- _Material supplied_:
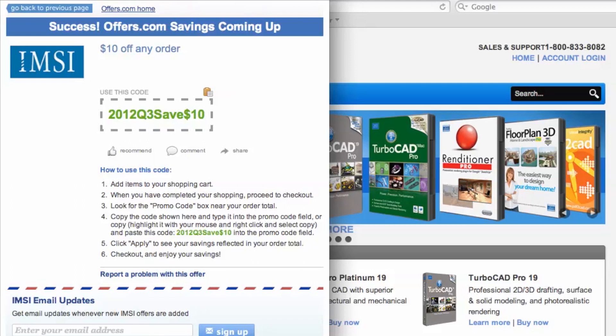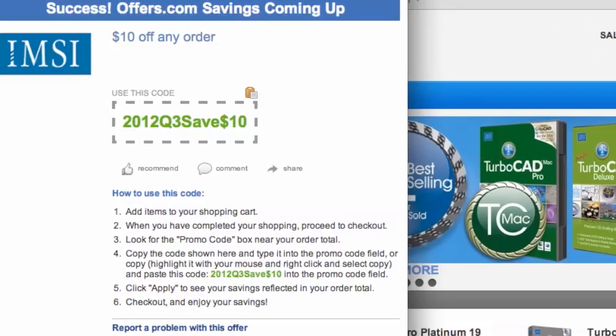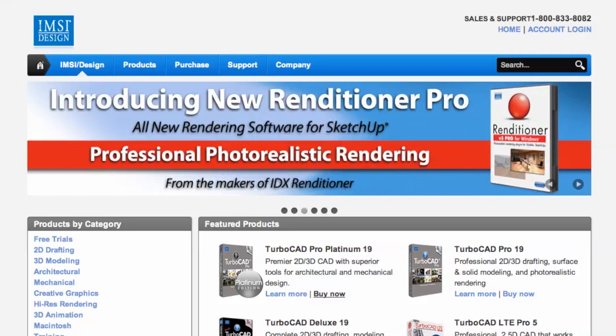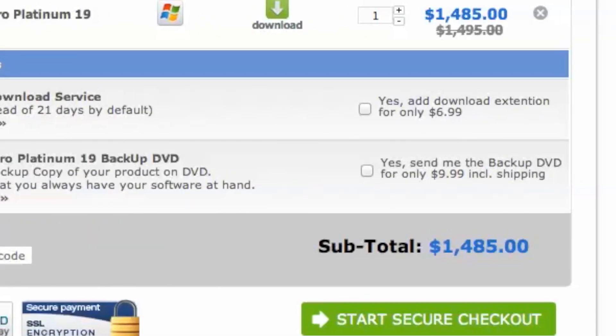A pop-up will appear. Your savings may be automatically applied at checkout, or you will be provided with a coupon code needed to save. To copy your coupon code over to the site, simply click the copy button, add your items to your cart, head to checkout, and then look for the coupon code box and paste in the code. It's quick, easy, and you've just saved money.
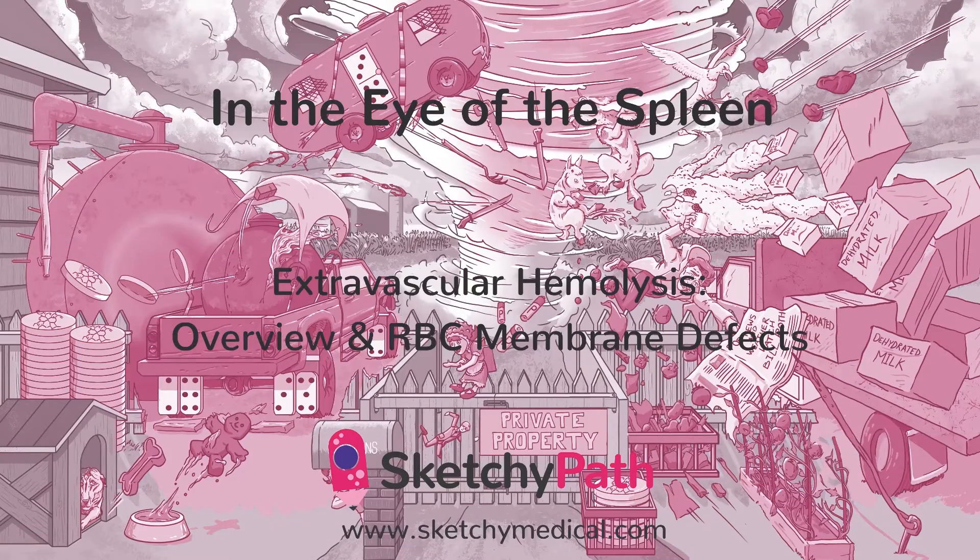A normocytic anemia consists of a low blood cell count, measured by hemoglobin and hematocrit. However, unlike the previous anemias, these next few anemic states are characterized by a small number of normal-sized RBCs, which means an MCV between 80 and 100.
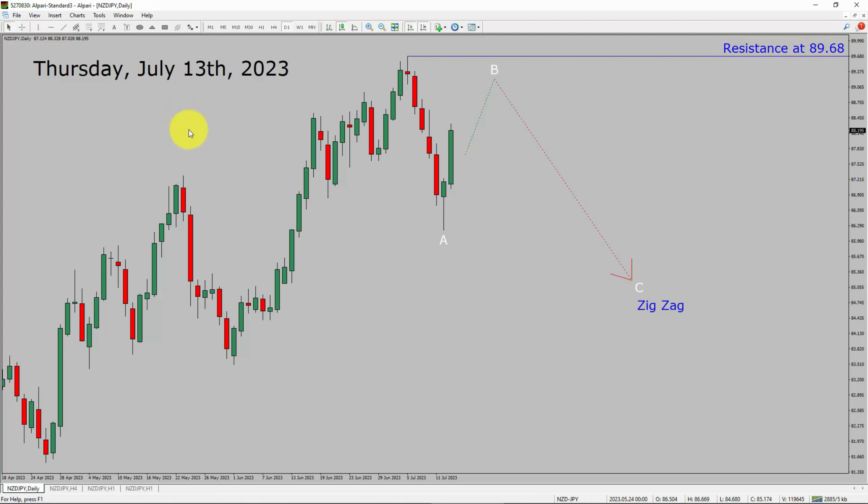I am going to analyze the NZD/JPY currency pair. Let us start the top to bottom Elliott Wave Analysis. Inside the daily timeframe, the trend is down in NZD/JPY. Daily timeframe resistance is present at 89.68 price level. Price action is most likely going to move sideways and then rise up more to complete bullish wave B pullback. After that, I expect bearish wave C zigzag corrective lag in coming trading days. A decisive bullish breakout above 89.68 resistance area is going to end the downtrend in the daily chart of NZD/JPY.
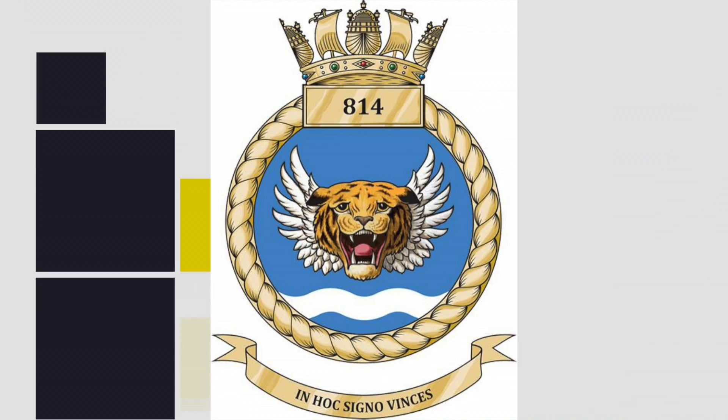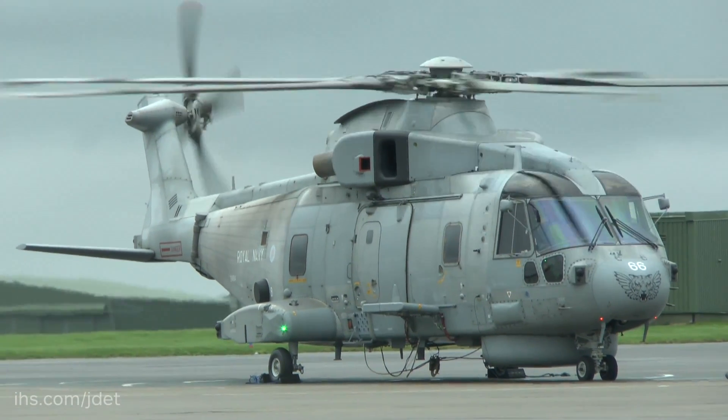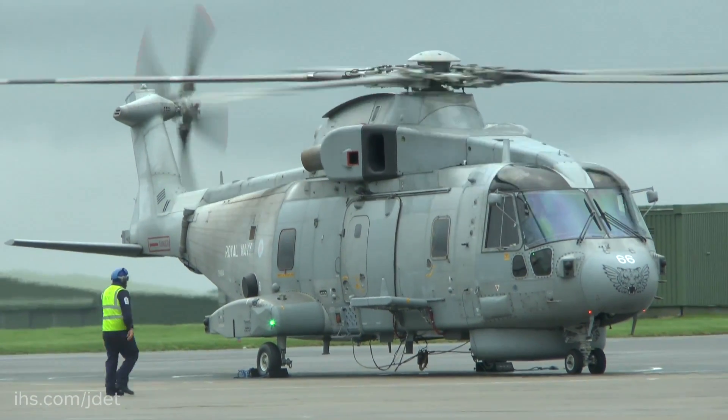We've recently been embarked on Operation Weald. That was an operation in the Mediterranean looking for survivors who were coming across the Mediterranean in inflatable ribs and boats. We were looking in an ASUW role, conducting surface search for inflatable boats and ribs which contained a lot of the survivors.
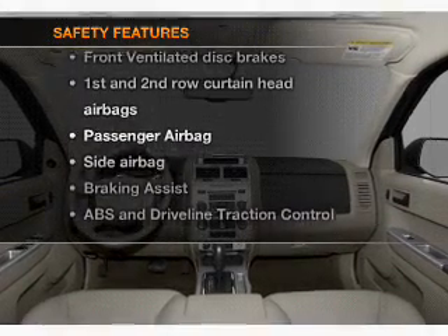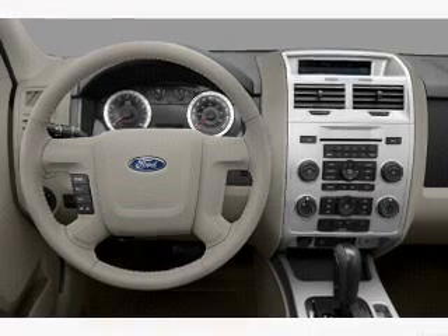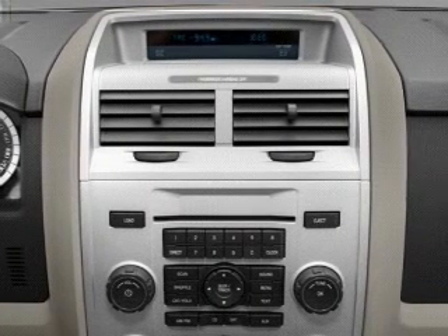If safety is a high priority, rest assured knowing that these top safety components are included: front ventilated disc brakes, curtain head airbags, passenger airbag, side airbag, traction control, stability control, and low tire pressure warning.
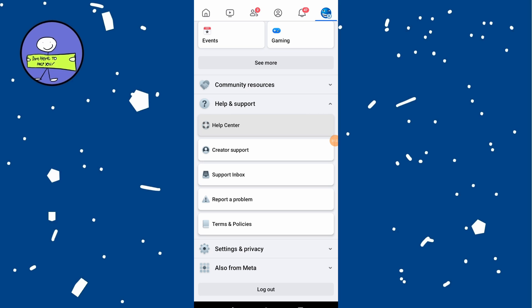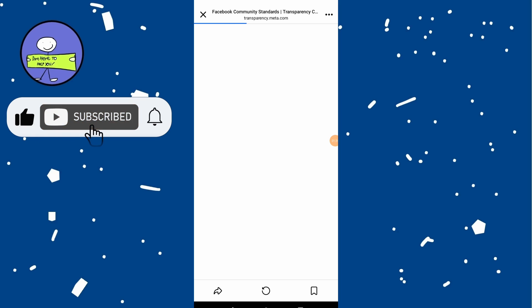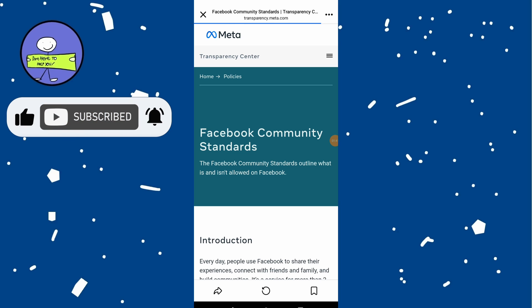Go to the post and check its privacy settings. Ensure that the content is set to visible to the intended audience. Sometimes content is restricted to certain friends or groups. Sometimes a simple page refresh can resolve temporary issues.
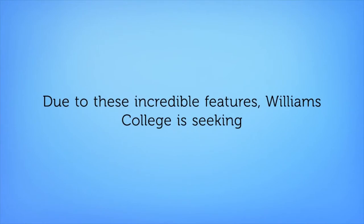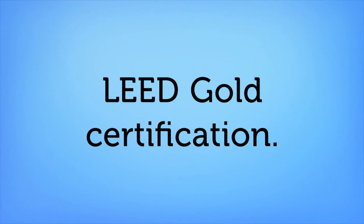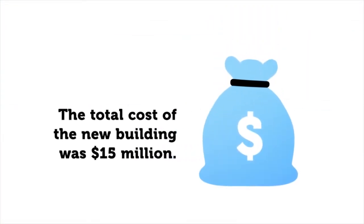Due to these incredible features, Williams College is seeking LEED Gold certification. The total cost of the new building was 15 million dollars.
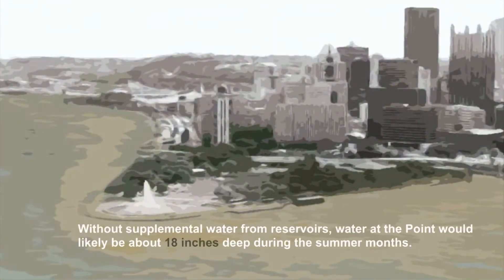Without supplemental water from reservoirs, the water at the Point would likely be about 18 inches deep during the summer months.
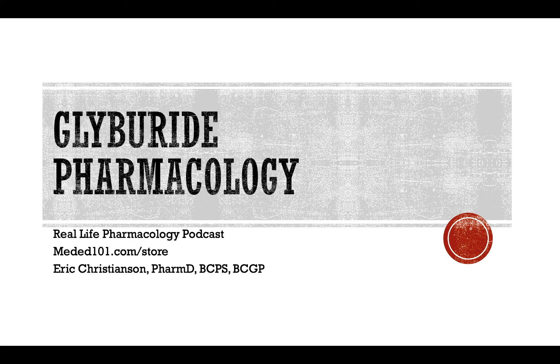Hey y'all, welcome back to the Real Life Pharmacology Podcast. I'm your host, pharmacist Eric Christensen, and I thank you for listening today. Go check out reallifepharmacology.com and snag your 31-page PDF on the top 200 drugs — a fantastic study guide and refresher, whether you're in school or practicing in the real world. It highlights the most highly testable things for board exams as well as the most relevant things in clinical practice. Snag that for free simply by subscribing at reallifepharmacology.com.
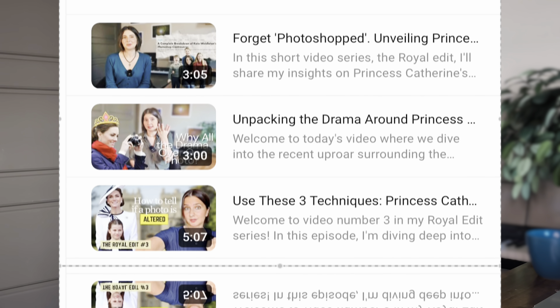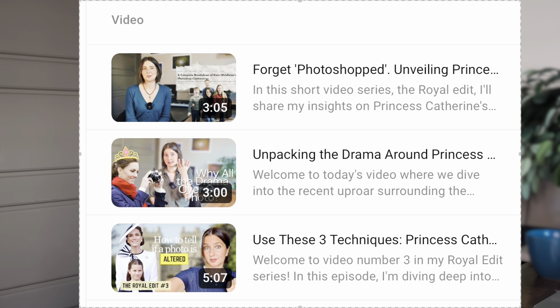Welcome to the fourth video in my Princess Catherine photo scandal series. In my previous videos, I talked about why we shouldn't call photos photoshops, the big deal with Princess Catherine's photos, and how to tell if a photo is altered. In this video, I will continue with the same news story.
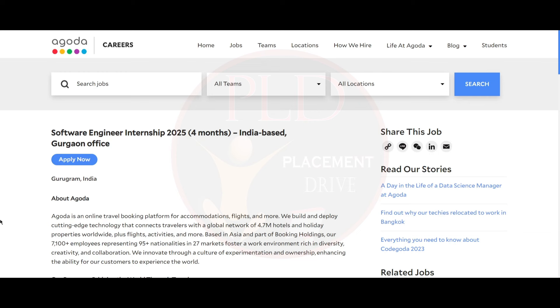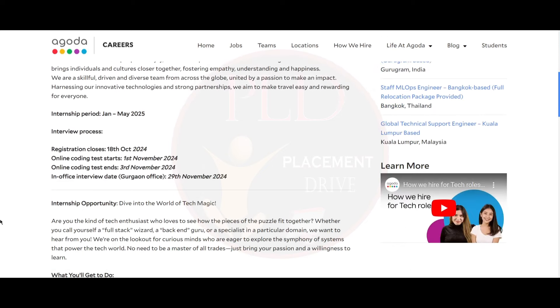Hello everyone, today we have an internship opportunity from Agoda — a software engineer internship. The job location is Gurugram. The internship period is from January to May 2025.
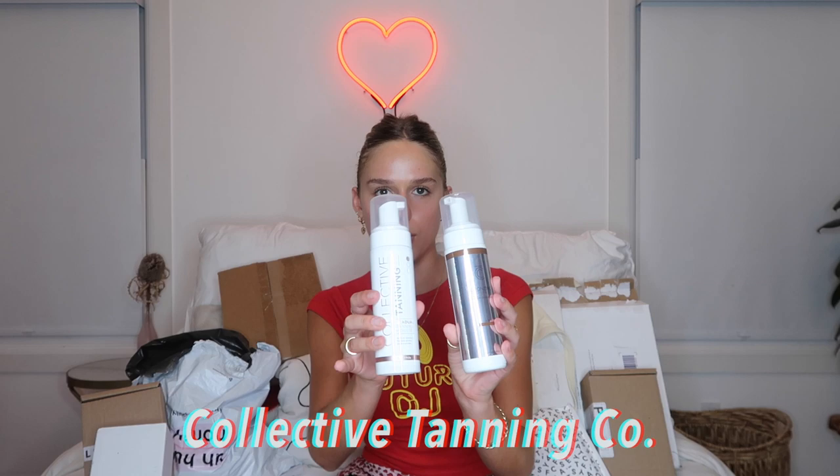Next, I guess this is considered skincare — or body care. These are some self tanners from Collective Tanning Co. This one is a dark bronzing mousse and this one is the gradual tanning mousse. I love being able to pick the exact shade you're looking for. Also, this little velvet tanning mitt is so much better than the one I have now. And from Calm by Wellness, which is like a CBD company, these are some hemp extract gummies — the consciously calm strawberry lemonade.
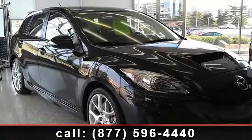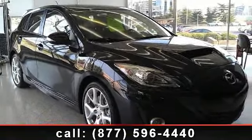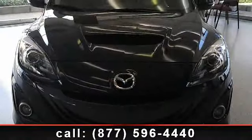Presenting the 2012 Mazda Mazda 3 Mazdaspeed 3. If you are looking for an automobile with great features, look no further.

- _Task details_: Excluding any pictures, print exactly the lines of the listing above from the line with "Welcome to the" to the line with "Hello everyone, today", both ends included.

- _Your response_:
Welcome to the fourth video in my Princess Catherine photo scandal series. In my previous videos, I talked about why we shouldn't call photos photoshops, the big deal with Princess Catherine's photos, and how to tell if a photo is altered. In this video, I will continue with the same news story.
Hello everyone, today we have an internship opportunity from Agoda — a software engineer internship. The job location is Gurugram. The internship period is from January to May 2025.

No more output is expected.